En cette période de fête, on est parfois tenter de se faire plaisir avec quelques grands vins. Mais à moins d’être expert, les risques de confusion foisonnent.

 

Beaucoup de vignerons, quand ils ont acquis une notoriété, ont la tentation d’en profiter pour augmenter un peu leurs ventes. Mais la terre coûte cher et il faut du temps à la vigne pour grandir, s'enraciner et produire des vins de grande qualité.

 

Vigneron et négociant, c'est possible

 

Il est alors possible d’acheter des raisins, voir du moût (du jus), ou même du vin, de l’élever, le mettre en bouteille et le commercialiser sous son nom. Ainsi lorsque lors d'un déjeuner d’été vous commandez un rosé Minuty prestige, pensant-là acheter un des plus grands Côte-de-Provence, vous venez de commander un vin de marque. La star étant le Château Minuty.

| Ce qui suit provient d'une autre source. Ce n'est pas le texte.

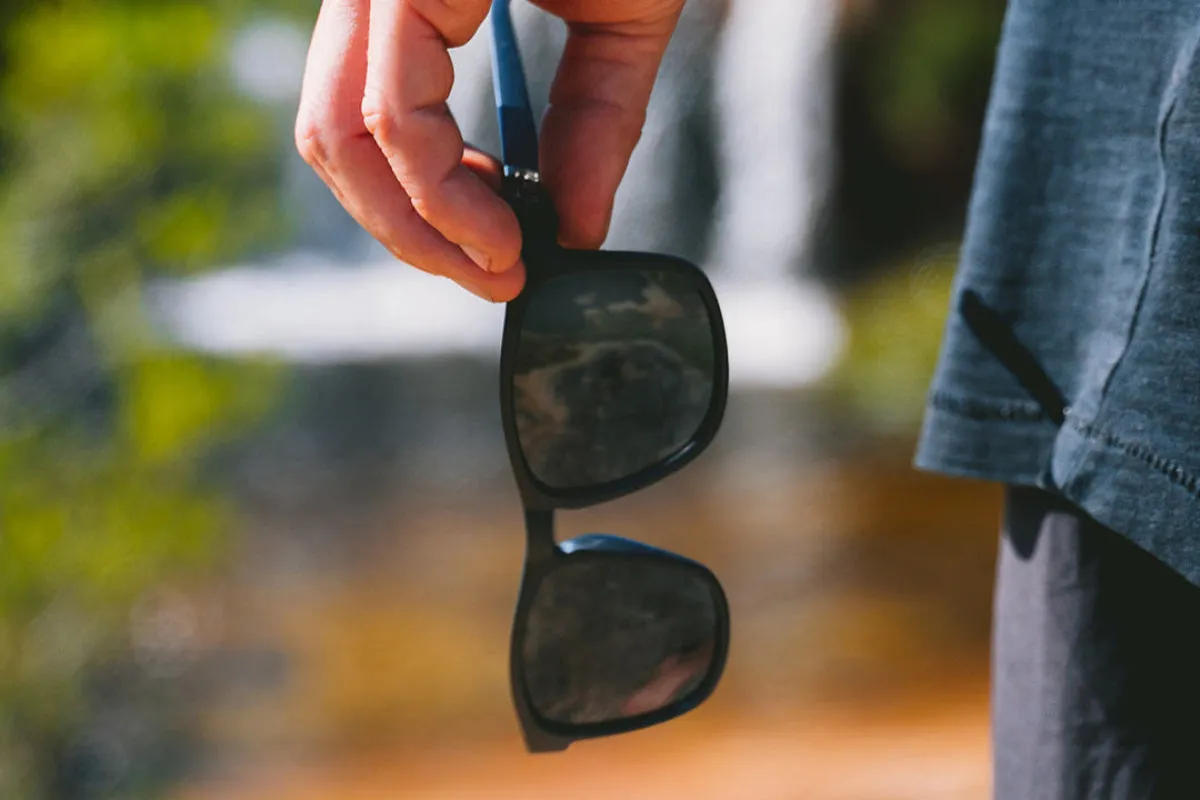 Floaties XL - Matte Black - Jet Black Lens Polarized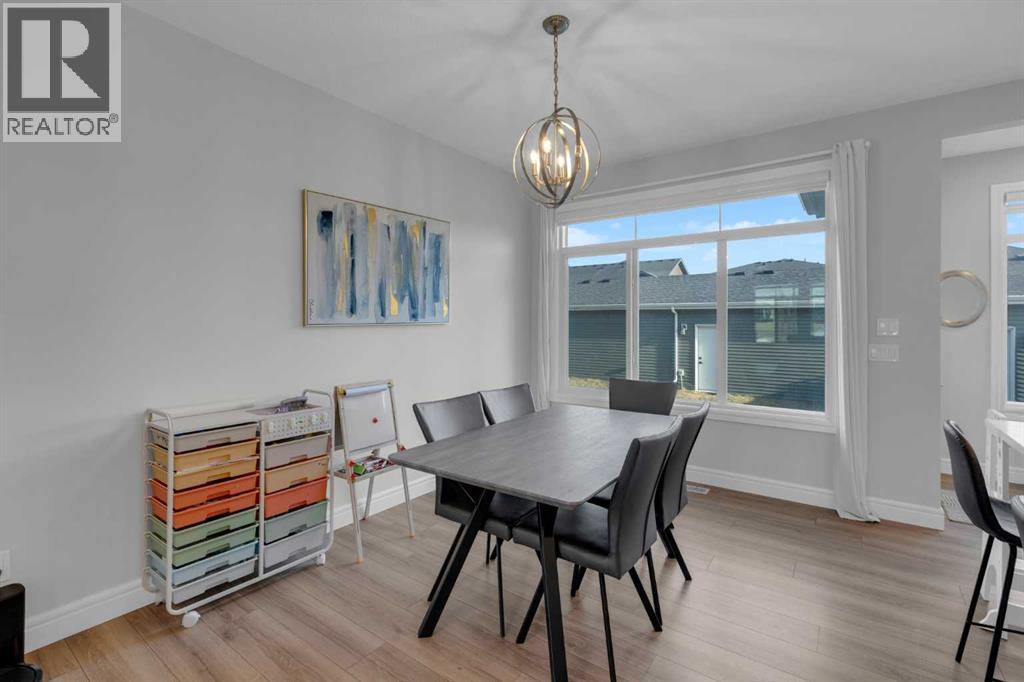 1090 Cobblestone Boulevard Sw, Airdrie, Alberta  T4B 5L3 - Photo 11 - A2279267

La pratique n’est pas nouvelle, et être négociant et/ou éleveur n’est pas honteux, ces vins étant souvent de très bonne qualité.

Citons ainsi les vins « Lucien Le moine » (achetés et élevés par Mounir Saouma et Rotem Brakin à Beaune) et d’une qualité reconnue mondialement. Dans ce cas, c’est l’élevage qui leur a permis d’accéder au monde du vin, et ils ont depuis pu acheter un domaine dans le Rhône. De même, les vins « DEux Montille » sont délicieux, même s’ils sont le fruit du négoce d’Alix et Etienne de Montille. Le patronyme est devenu célèbre à l’époque de leur père, Hubert de Montille, et il ne faudra pas les confondre avec ceux de l’ex domaine paternel (Domaine de Montille) à Volnay. Dans le doute on cherchera sur l’étiquette (ou la contre étiquette) les mentions « mis en bouteille par », ou « élevé par » qui montre clairement qu'il s'agit d'un vin de négoce.

La capsule congé (le timbre fiscal sur le goulot) contient aussi l’information : « R » ou « Récoltant » et « N » ou « Négociant » ou « E » (« Eleveur » ou « Entrepositaire agréé »). Une raison supplémentaire de bien se faire présenter au restaurant, toute bouteille commandée, avant même qu’elle ne soit ouverte !

 

Les champagnes aussi

 

En Champagne, la pratique est ultra-répandue du fait même de l’existence de grandes maisons de champagne ne possédant pas suffisamment de vignes. Ici, la réglementation impose de marquer sur l’étiquette (les caractères sont souvent fort petits), un code. « RM » (Récolant-Manipulant) indique que la maison se charge de tout (viticulture et champagnisation), tandis que « NM » (Négociant-Manipulant) signifie qu’elle a acheté les raisins à des viticulteurs. Dans le 1er cas, le cultivateur produisant les raisins aura probablement intérêt à en optimiser la qualité (il se chargera de vendre le

produit fini au consommateur), mais n’en déduisez pas pour autant qu’un « RM » sera toujours supérieur à un « NM », car la champagnisation (notamment l’assemblage) est complexe et pas toujours optimisée dans une « petite » maison, alors qu’elle l’est généralement dans les « grandes ».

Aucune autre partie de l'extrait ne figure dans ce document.